As almost everyone, I dreamt of visiting Machu Picchu. And living in Bogota – about 3 hours by plane it would be just really bad not to take advantage of it and not going there. There was only one problem. What to do with our 11 kg of love – our 20 months old toddler. As there were not so many options to choose we decided for this adventurous trip with our kid. Some of our friends thought we were simply crazy. They were concerned especially about the altitude sickness our kid could suffer from. However living for almost all her life in Bogota at the altitude of 2640 m above the sea level it was not a problem at all. Cusco indeed is much higher – 3.399 above the sea level but I was the only one to get headache but it was due to waking up at 4 AM taking two flight and visiting Cusco caring the toddler in the baby carrier (or toddler carrier) the entire day.
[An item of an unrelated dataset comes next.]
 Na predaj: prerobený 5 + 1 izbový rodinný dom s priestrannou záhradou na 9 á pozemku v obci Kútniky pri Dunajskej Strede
After I took Paracetamol it was gone.
Our hotel was very close to the main square, just by the Cusco Walls. For our kid the main attraction in Cusco were llamas. Every time we bumped into a woman with a llama (usually we saw women walking the lamas on the streets) our daughter wanted to come closer and to touch the animal. If you meet one and would like to take a picture you should know that you will have to pay for the picture with the women and the llama.
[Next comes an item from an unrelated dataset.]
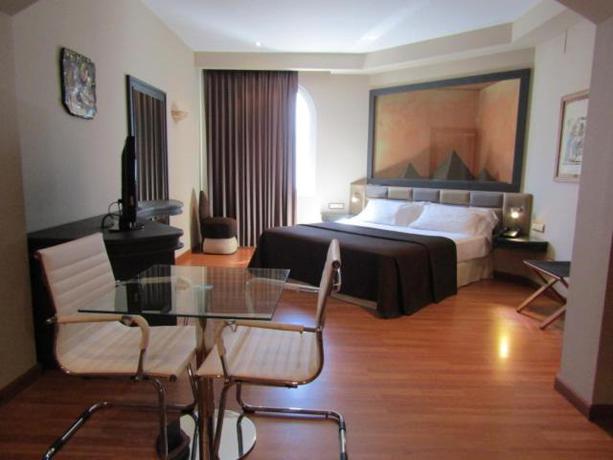 Imagen de la habitación del Hotel Alkalat. Foto 7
Most of Cusco streets and pavements are not really stroller friendly so we only had the baby (toddler) carrier with us.
For the next day we had arranged (by our hotel) a taxi at a flat fare to Ollantaytambo, from where we were taking the train to Aguas Calientes. We also asked the taxi driver if he could stop on few places on the way to Ollantaytambo. Apparently there are two roads to Ollantaytambo from Cuzco and we decided to take the road on the attached map to be able to visit Saksaywaman, the Ccochahuasi Animal Sanctuary and the Pisac Market. The road that leads through the Sacred Valley is scenic and curvy (if you kid suffers from motion sickness) at the beginning afterwards it is straight. The Animal Sanctuary was an excellent choice. Our daughter was delighted to be able to feed the animals there. You can also visit their handicraft shop and watch women knitting.
To be able to visit all the places and take the train at about 4PM we left Cusco at 9:30. If you have some time left, the Ollantaytambo ruins are also worth visiting but there are a lot of steps to carry the kid.
The kid pays half fare of the adult ticket (I think if they are more than 1 year old – at the time of our travel this is what we payed) and has a seat for itself. The train journey was another amazing attraction for our daughter.
We arrived at about 6PM to Aguas Calientes. It was dark to visit the town. Our return train was departing the next day at about 2PM. My idea was to get up early to go to see the sunrise up at the ruins. But since it was foggy when I woke up I didn’t even bother about the sunrise and got back to bed.
The queue for the very expensive bus to go up to Machu Picchu was very long. Having the kid with us did not give us any priority so we had to wait about 30 minutes for our turn. The ride is literally breathing on a very curvy, uphill, unpaved road – a once in a lifetime experience.
If I had a chance to go back I don’t think I would go up in the morning again. It seemed to me that it was too busy. You need about 3 hours to visit the ruins. So almost everyone was going down at the same time and the buses on their way up were empty.
Check the weather forecast before as there is no shelter at all in case of rain. And if you travel with kids, that could be more complicated. Get food and drinks for the kid.
To be honest, although it was not easy visiting the Machu Picchu itself walking on the rocks with all the crowds, going there with a kid wasn’t as bad as I would have expected.